TASK TO COMPLETE:
In the entries below, find the line containing "23x23x23 1lusin tas" and the line containing "Kleines Schlüsseletui RETRO". Copy those two lines and everything between them exactly, without the pictures.

GIVEN DATA:
<<<<

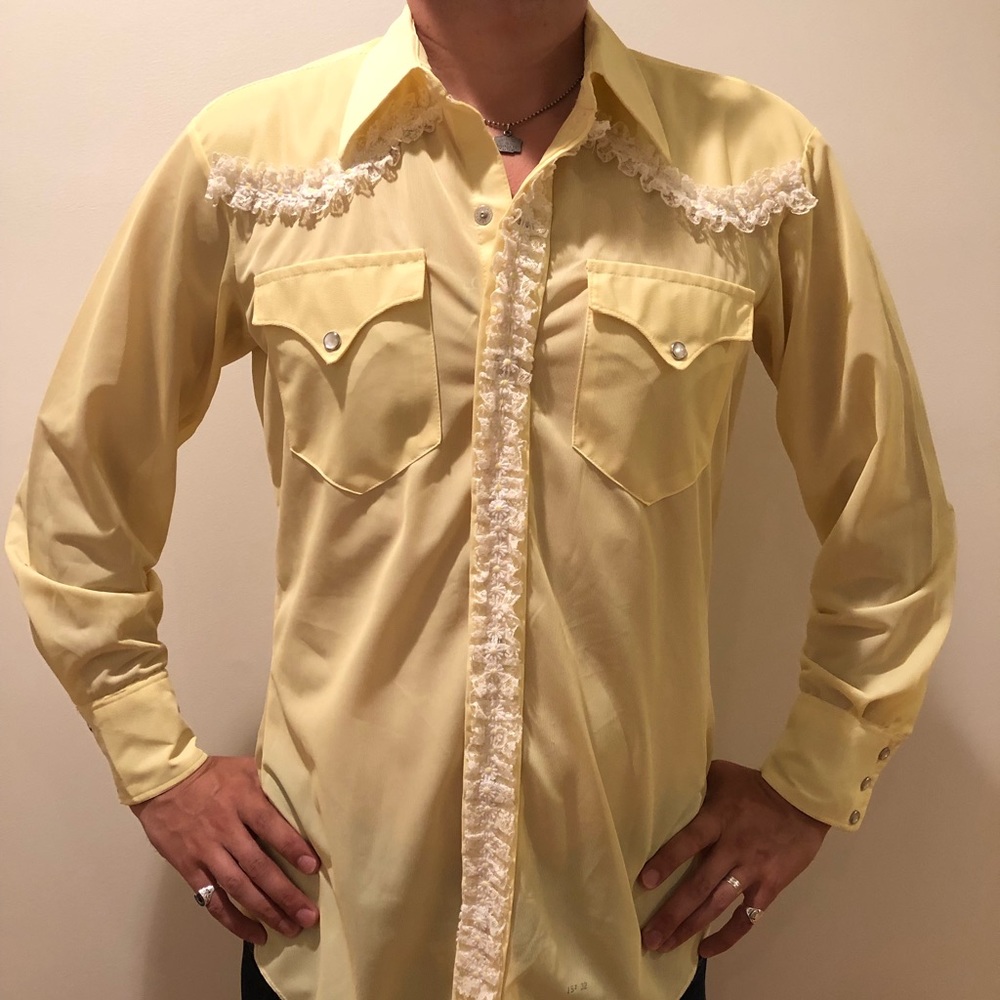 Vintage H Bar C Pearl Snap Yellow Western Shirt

>>>>
<<<<

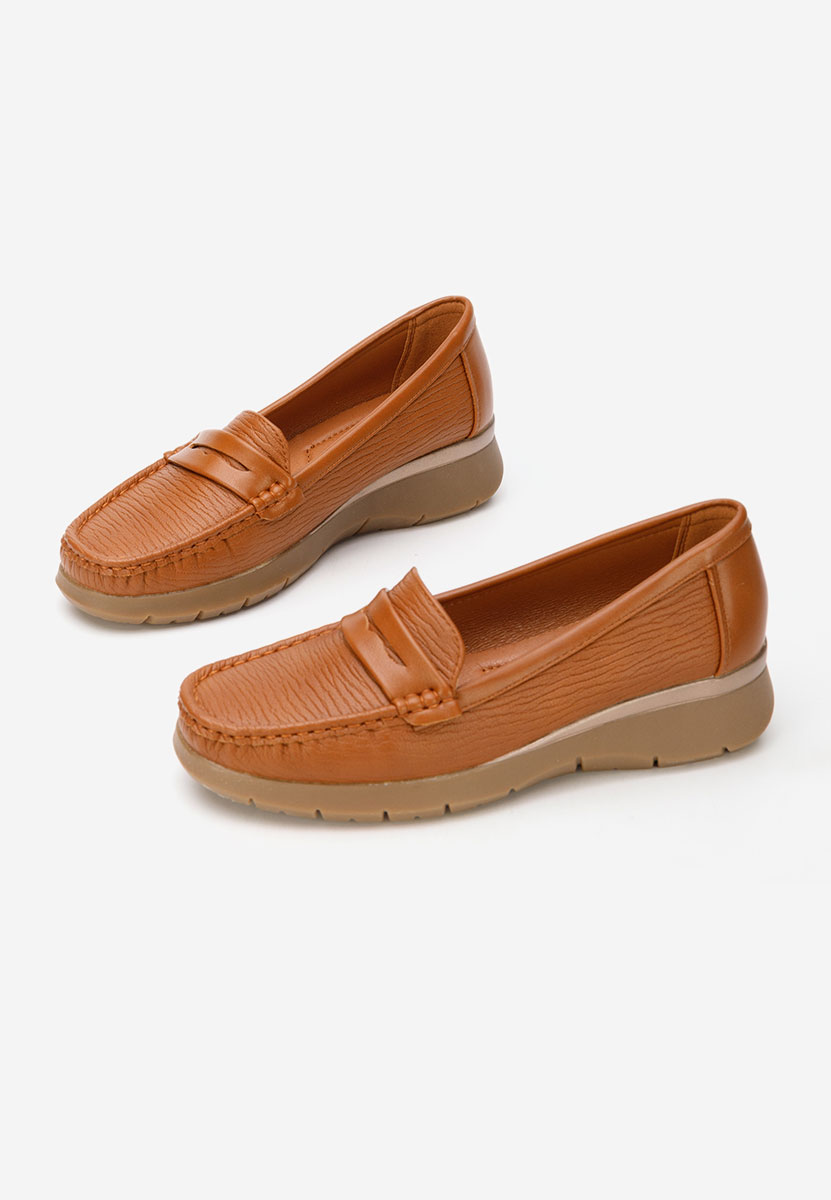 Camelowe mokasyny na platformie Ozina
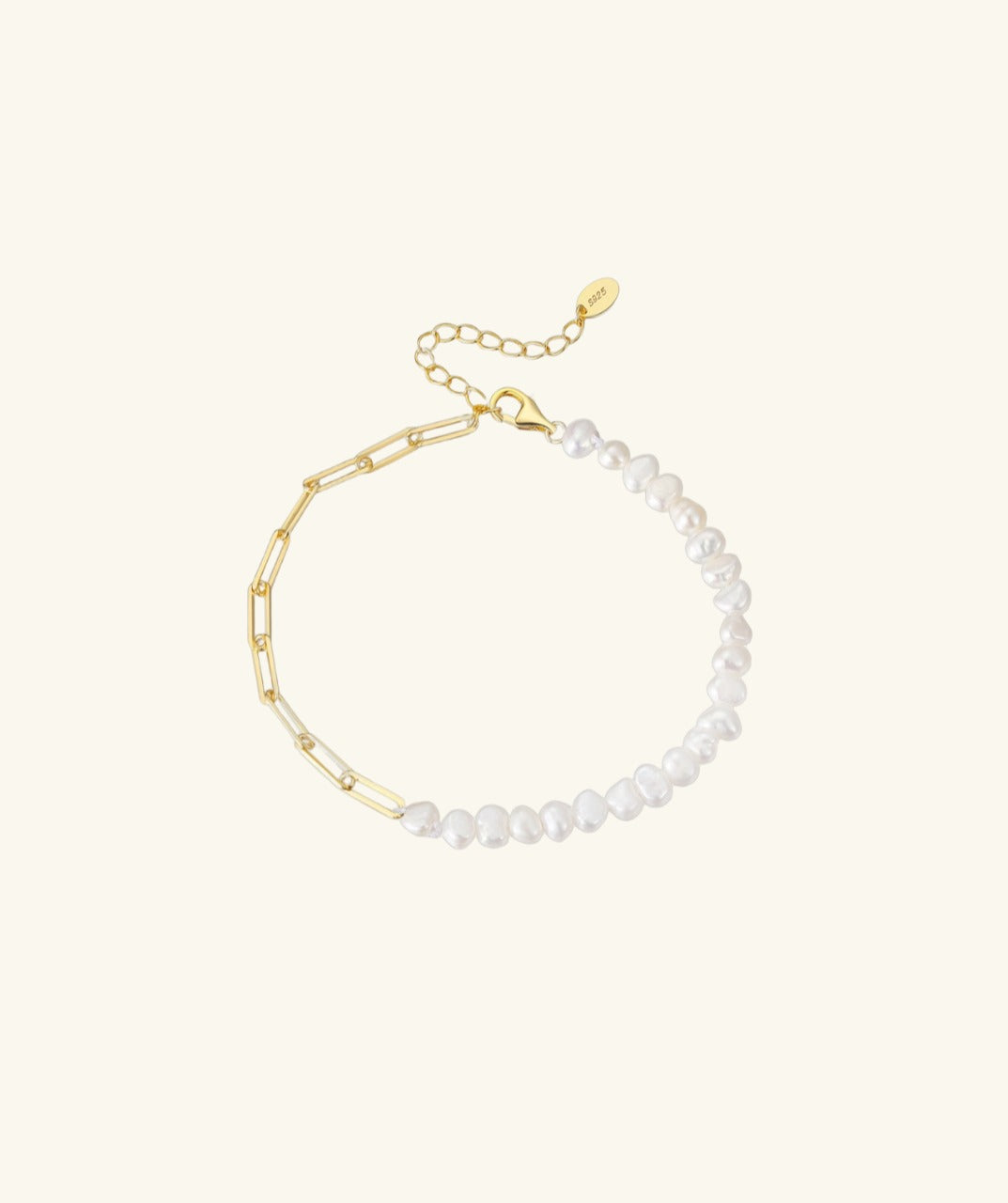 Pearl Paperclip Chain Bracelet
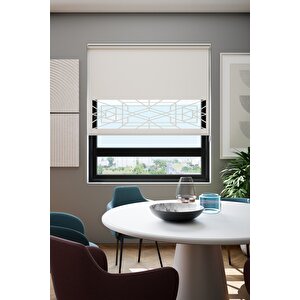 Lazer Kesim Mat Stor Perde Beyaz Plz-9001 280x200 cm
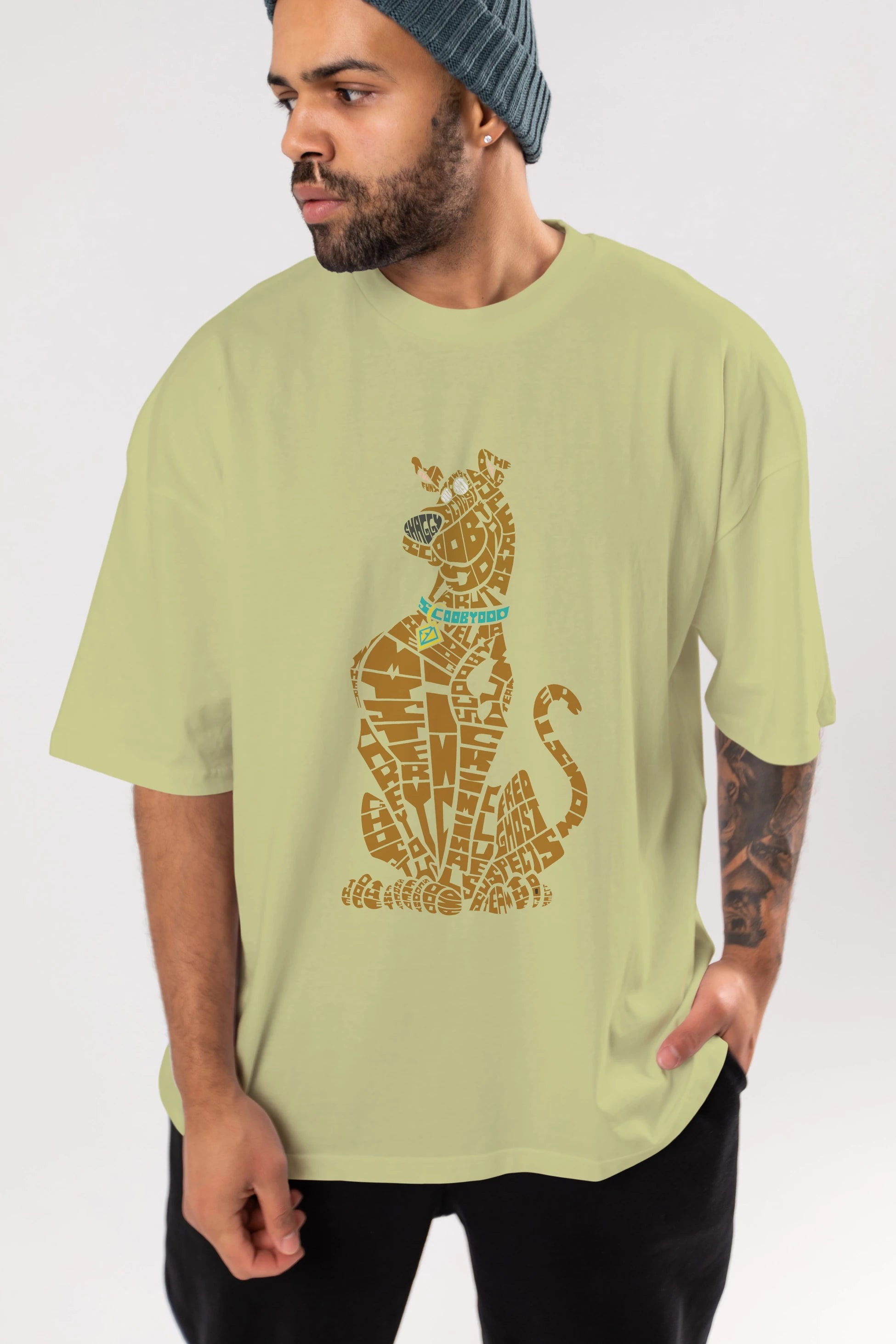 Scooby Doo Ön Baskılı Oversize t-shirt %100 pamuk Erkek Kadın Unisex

>>>>
<<<<

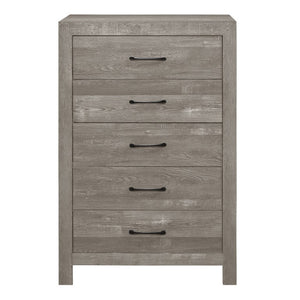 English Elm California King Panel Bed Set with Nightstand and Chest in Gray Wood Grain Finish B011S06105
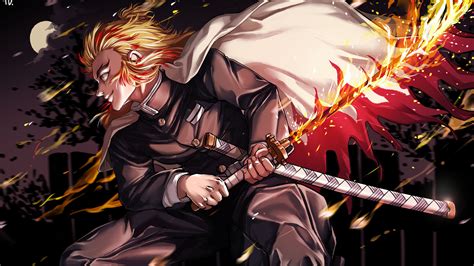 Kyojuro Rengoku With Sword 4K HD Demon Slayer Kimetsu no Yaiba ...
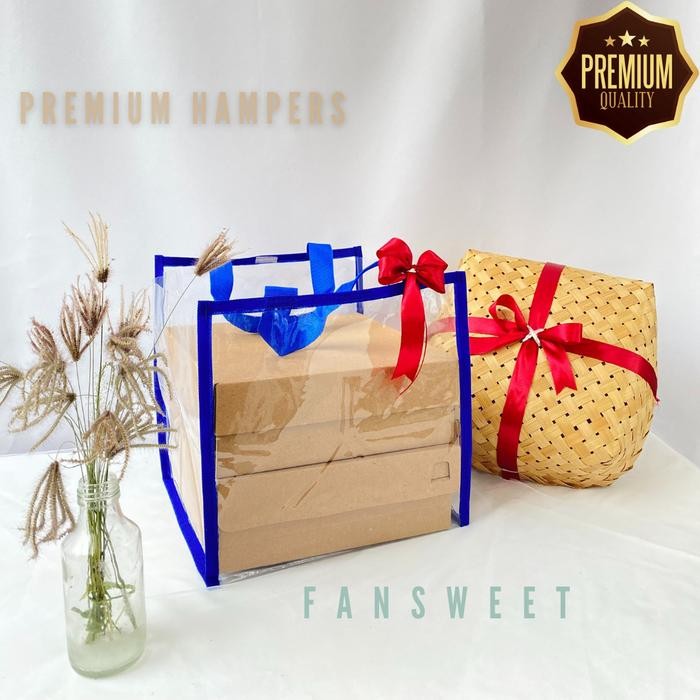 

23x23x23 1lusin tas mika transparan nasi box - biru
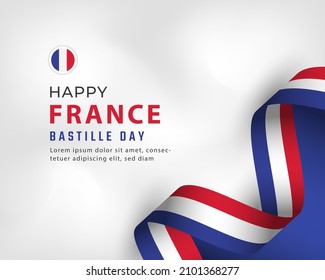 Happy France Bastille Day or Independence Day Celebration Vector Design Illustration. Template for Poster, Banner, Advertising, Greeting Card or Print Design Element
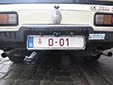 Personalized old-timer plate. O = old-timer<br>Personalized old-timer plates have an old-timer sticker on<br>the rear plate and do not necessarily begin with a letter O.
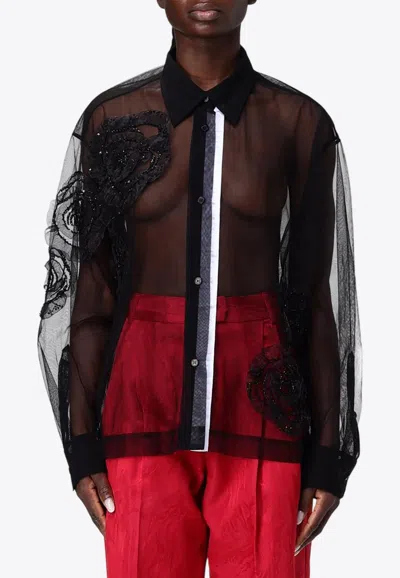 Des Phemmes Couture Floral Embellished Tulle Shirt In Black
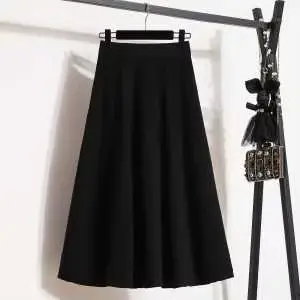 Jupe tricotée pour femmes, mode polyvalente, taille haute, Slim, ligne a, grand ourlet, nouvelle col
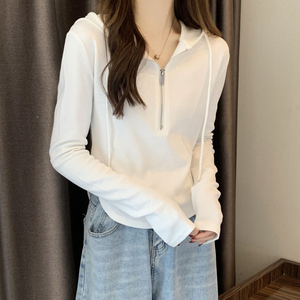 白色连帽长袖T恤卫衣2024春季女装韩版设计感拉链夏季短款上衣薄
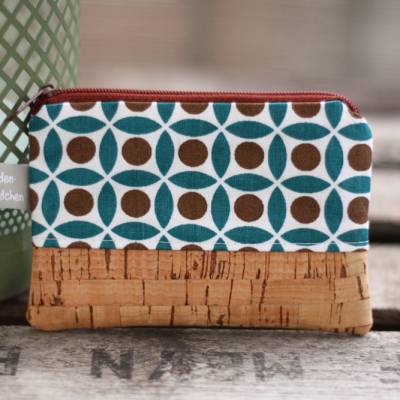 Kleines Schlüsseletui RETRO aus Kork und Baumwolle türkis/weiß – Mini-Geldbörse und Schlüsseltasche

>>>>

RESPONSE TO THIS TASK:
23x23x23 1lusin tas mika transparan nasi box - biru
 Happy France Bastille Day or Independence Day Celebration Vector Design Illustration. Template for Poster, Banner, Advertising, Greeting Card or Print Design Element
 Personalized old-timer plate. O = old-timer<br>Personalized old-timer plates have an old-timer sticker on<br>the rear plate and do not necessarily begin with a letter O.
 Des Phemmes Couture Floral Embellished Tulle Shirt In Black
 Jupe tricotée pour femmes, mode polyvalente, taille haute, Slim, ligne a, grand ourlet, nouvelle col
 白色连帽长袖T恤卫衣2024春季女装韩版设计感拉链夏季短款上衣薄
 Kleines Schlüsseletui RETRO aus Kork und Baumwolle türkis/weiß – Mini-Geldbörse und Schlüsseltasche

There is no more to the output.